_Exercise description_: Please restate word for word the lines of the entries below from the one with "Martin Vaculik participates" to the one with "Faces Canada Comfy", inclusive, and leave out every picture.

_Records for the exercise_:
· · · ·
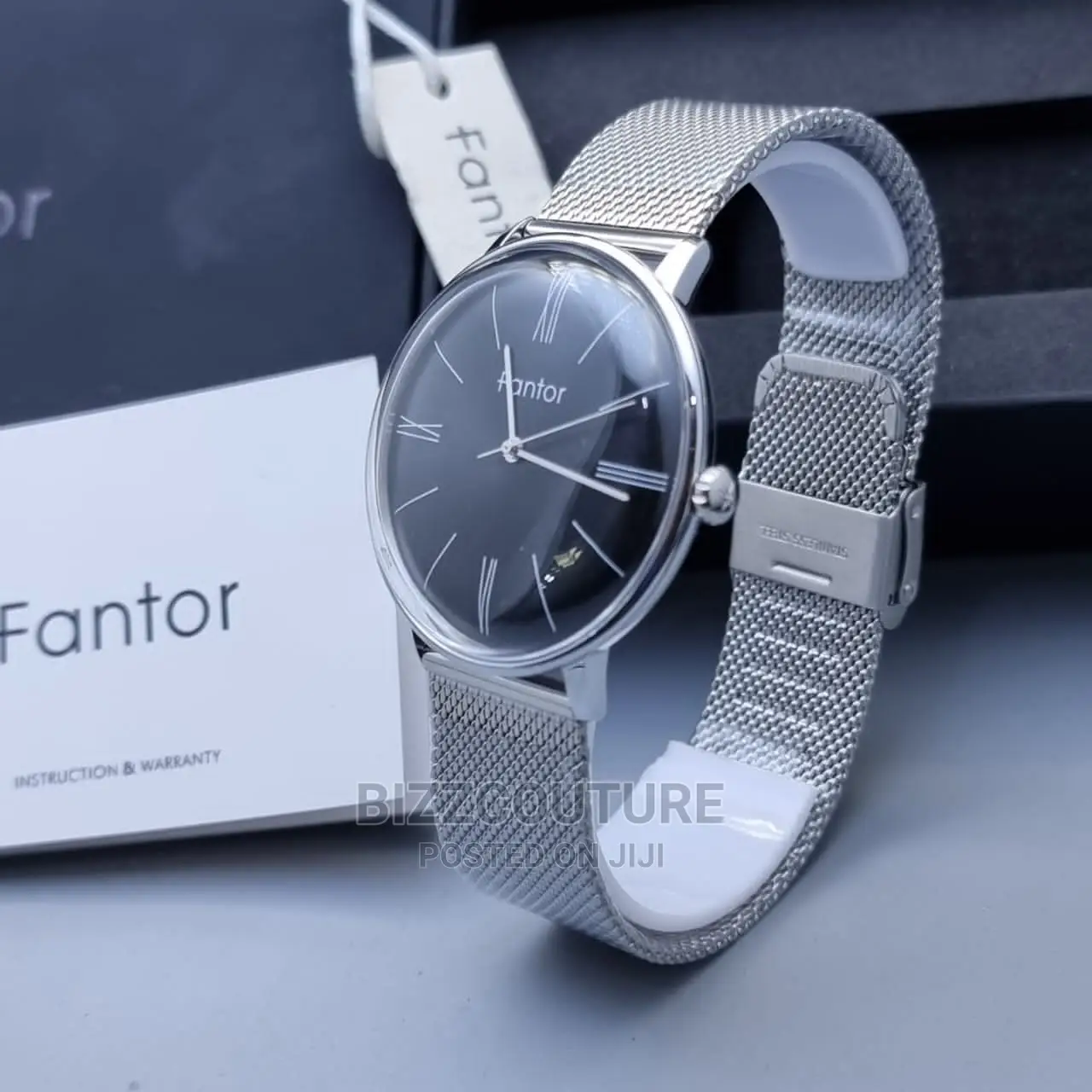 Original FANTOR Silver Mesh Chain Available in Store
· · · ·
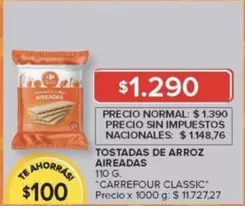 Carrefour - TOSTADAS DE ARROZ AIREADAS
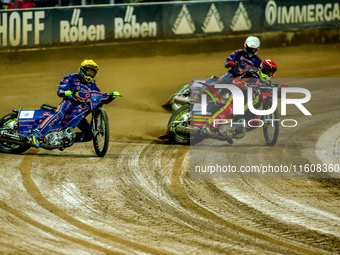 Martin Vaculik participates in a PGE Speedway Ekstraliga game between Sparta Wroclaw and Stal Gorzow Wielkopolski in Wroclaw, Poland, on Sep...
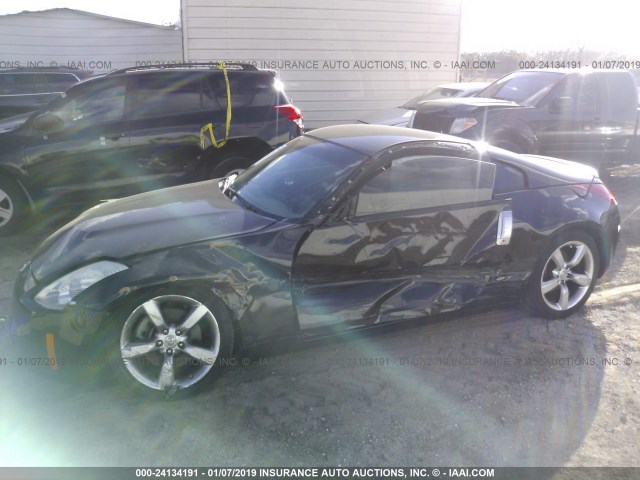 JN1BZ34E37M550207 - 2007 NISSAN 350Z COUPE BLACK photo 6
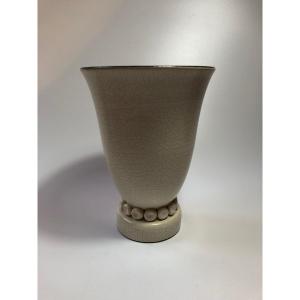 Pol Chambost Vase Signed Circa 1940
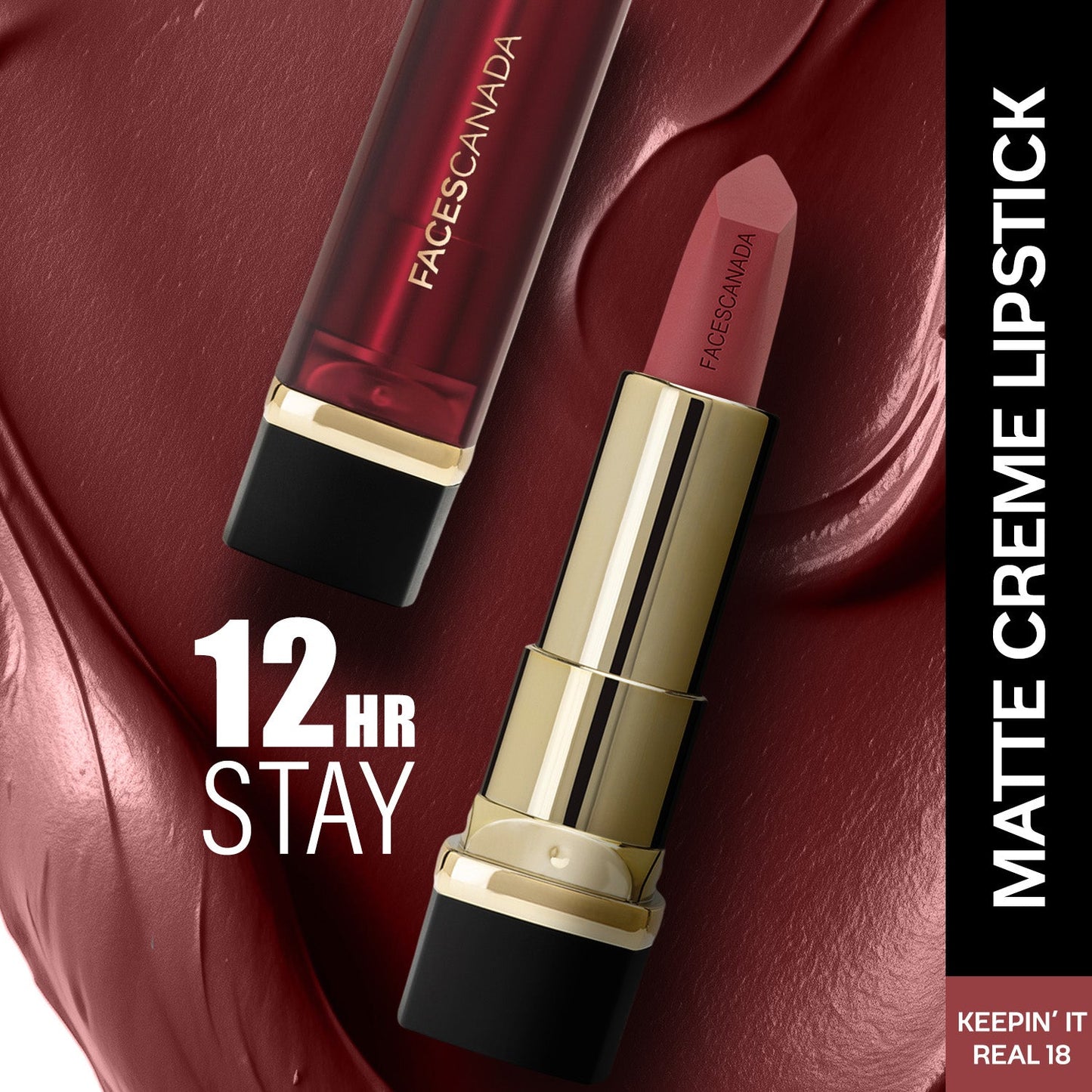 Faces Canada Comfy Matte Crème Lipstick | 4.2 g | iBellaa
· · · ·
_Written solution_:
 Martin Vaculik participates in a PGE Speedway Ekstraliga game between Sparta Wroclaw and Stal Gorzow Wielkopolski in Wroclaw, Poland, on Sep...
 JN1BZ34E37M550207 - 2007 NISSAN 350Z COUPE BLACK photo 6
 Pol Chambost Vase Signed Circa 1940
 Faces Canada Comfy Matte Crème Lipstick | 4.2 g | iBellaa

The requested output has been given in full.